More performance could be achieved by harnessing multiple spindles to appear as one -- more IOPs, more bandwidth -- but there were tradeoffs everywhere.
But large arrays support multiple workloads. Some need performance, others just need capacity. So working the tradeoffs between the two can be a fine art at times.
And you'll see this "ability to control things when you need to" thinking evident in EMC array products, such as DMX and CX.
Not Everyone Needs This Level Of Control
Other vendors looked at the problem differently. Storage should just be a pool, they thought. We'll have our array software randomize any data between all the available spindles. It'll be easier to manage, and we'll get great performance from our array.
And you'll see this thinking embedded in products from NetApp, and the newer offerings from smaller vendors such as EquaLogic, XIV and Compellent, to name a few. And
I'd agree that -- yes -- some aspects of storage are easier to manage when everything is one, giant, spindle-randomized pool. But you do give up a few things in the process.
First, it's devilishly hard to get performance optimization and isolation in these environments. If you're supporting multiple different uses of a single array, you'd like to have a portion that's high performance, maybe another region that's medium performance, and perhaps a low-performance, high-capacity region.
You'd like to be able to partition and isolate spindles, as well as cache, processor and other I/O hardware.
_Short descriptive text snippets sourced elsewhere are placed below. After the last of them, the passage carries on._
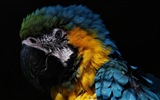 Macaw close-up fonds d'écran HD #25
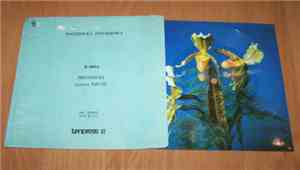 Drupi  - Provincia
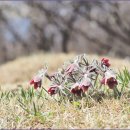 들꽃카페 이미지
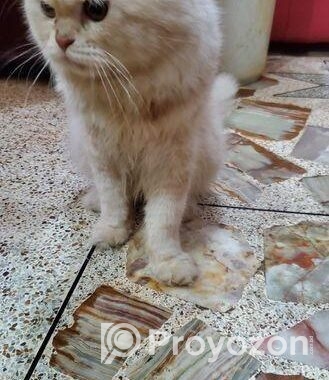 Male Cat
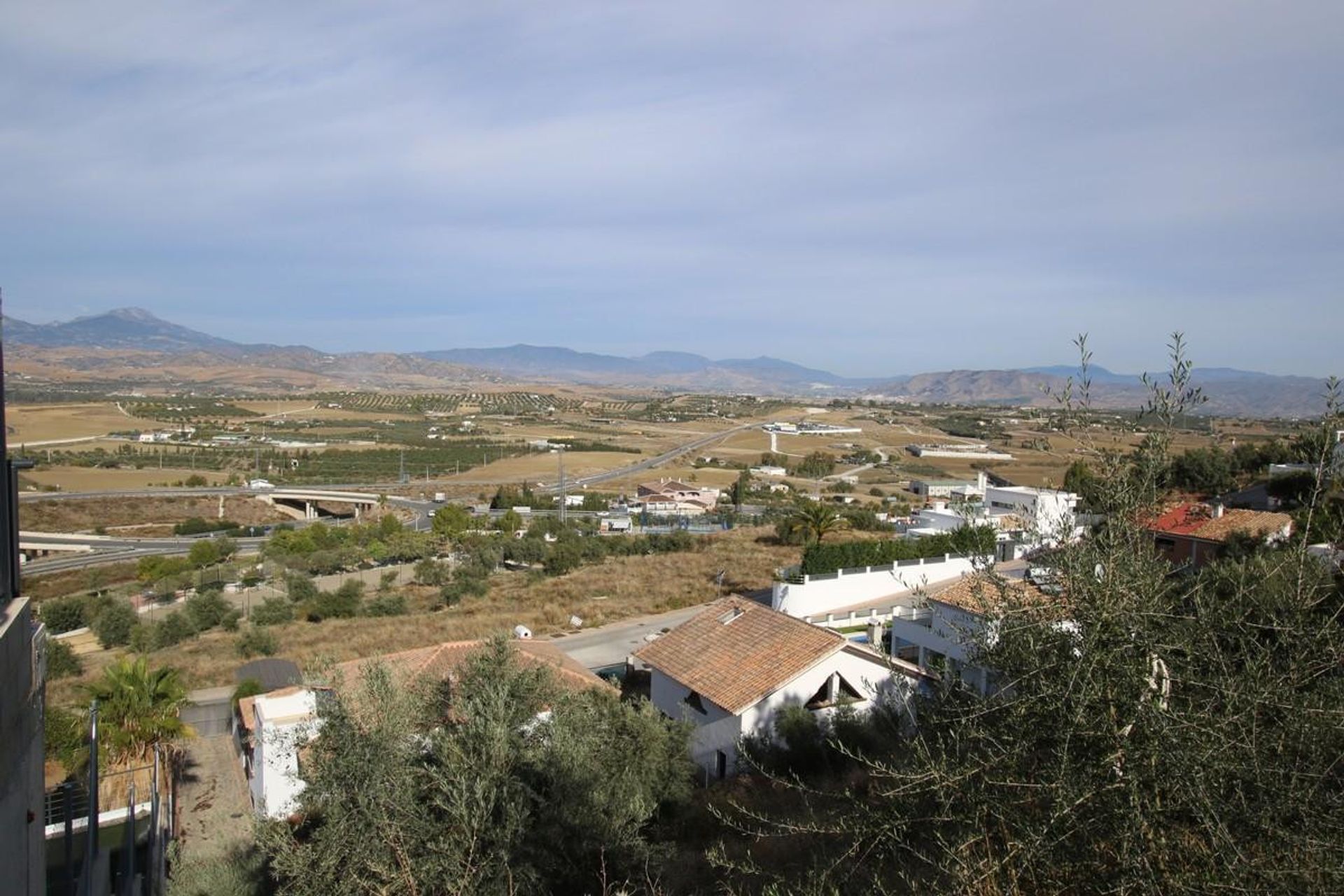 Land i Mynt, Andalusia 10724723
And if everything is designed as one ginormous pool, you'll have to get very clever of how you set things up.
Or end up buying multiple arrays for different workloads, which is what seems to happen more often. That can get expensive.
Second, there's a certain deceptive nature to the inital performance seen on these "spindle randomizing" arrays. Imagine one of these arrays with, say, 96 drives, and you put a single, small application on it -- maybe a benchmark test?
And, don't you know, you've got all those spindles behind your workload, and -- it flies! It's amazing!
Now, have some fun. Load it up to capacity. Throw multiple workloads at it. A very different performance picture emerges. I can't count how many times I've seen vendors pull this trick -- they'll configure the "other guy's" array with a small number of spindles to reach a given capacity, and use all of theirs.
Unfortunately, EMC is usually the "other guy" ...
Aggregate performance of multiple competing workloads in a full array is relatively hard to test. But it's also the real world we live in.
We've Always Believed That Customers Should Have Choices
Want to configure your array as one big, spindle-randomizing pool? Sure, we can do that. We don't think it's usually a good idea, but you can if you want.
Want to establish different regions with different performance characteristics, and keep them from interfering with each other? We can do that too ... and, in the real world, this is the dominant use case by far.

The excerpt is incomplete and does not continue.